According to RFC 5424, there are 8 logging levels, they represent the severity level of an event.

  • DEBUG: Detailed debug information.
  • INFO: Interesting events. Examples: User logs in, SQL logs.
  • NOTICE: Normal but significant events.
  • WARNING: Exceptional occurrences that are not errors. Examples: Use of deprecated APIs, poor use of an API, undesirable things that are not necessarily wrong.
  • ERROR: Runtime errors that do not require immediate action but should typically be logged and monitored.
  • CRITICAL: Critical conditions. Example: Application component unavailable, unexpected exception.
  • ALERT: Action must be taken immediately. Example: Entire website down, database unavailable, etc. This should trigger the SMS alerts and wake you up.
  • EMERGENCY: Emergency: the system is unusable.

2. Define A Goal

Logs can serve a lot of purposes like debugging, user behavior insights, business intelligence, alerts, etc.

So set your goals and build your logging strategy around it. Depending on your goals it will directly affect the log structure and specially what you will log.

Some advocate for logging all the things, and usually I tend to agree with this but it can be problematic because it tends to produce a lot of noise and can hide important data if you are not careful.

Be specific, for example, if your main goal is business intelligence, you will probably not need exception stack traces, query parameters, etc.

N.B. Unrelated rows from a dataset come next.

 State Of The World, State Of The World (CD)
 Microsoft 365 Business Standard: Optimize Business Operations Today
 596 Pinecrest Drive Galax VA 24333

3. Create a Standard And Stick To It

Develop a standardized way of logging and stick to it. Logs usually are massive amounts of data, saving them properly and consistently will facilitate to spot patterns and filter what you need.

4. Give Context

Be concise and human friendly, give context.

$logger->error('Parse error on database query'); 
$logger->error('Parse error on database query', ['query_p arameters'=>$queryParameters]);
$logger->error('Parse error on database query to retrieve
users orders', ['query_parameters'=>$queryParameters]);

5. Uniquely Identify The Crap Out Of Your Logs

Use unique identifiers as much as possible, and I cannot stress this enough, notably in distributed systems without unique identifiers is almost impossible to debug.

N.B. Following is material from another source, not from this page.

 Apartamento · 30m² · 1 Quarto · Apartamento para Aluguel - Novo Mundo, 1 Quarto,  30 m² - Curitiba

$logger->info('user logged in');
$logger->info("user {$userId} logger in ");

6. Time Is Key

Adding date and time to each event is crucial for navigating properly among the actions.

  • Put the time at the beginning of the line, it usually is the guiding information.
  • Use four-digit year.
  • Use timezone - This is crucial for multi-region systems.
  • Be as verbose as possible.

7. Make logging a non-blocking action

Your system should continue its course in case something prevents your logging from working, one strategy is save locally and sync remotely, this way if the network connection to the logging service is down it won’t affect your application.

Extra Tip: Store It Somewhere Else

Be prepared for the worst, have your logging data in a different region or availability zone. In the case of outages, you will still be able to retrieve it ;)


With a little bit of extra effort, you can be better prepared and respond quicker in case of incidents.

Give some extra love to your logging and you will thank yourself later.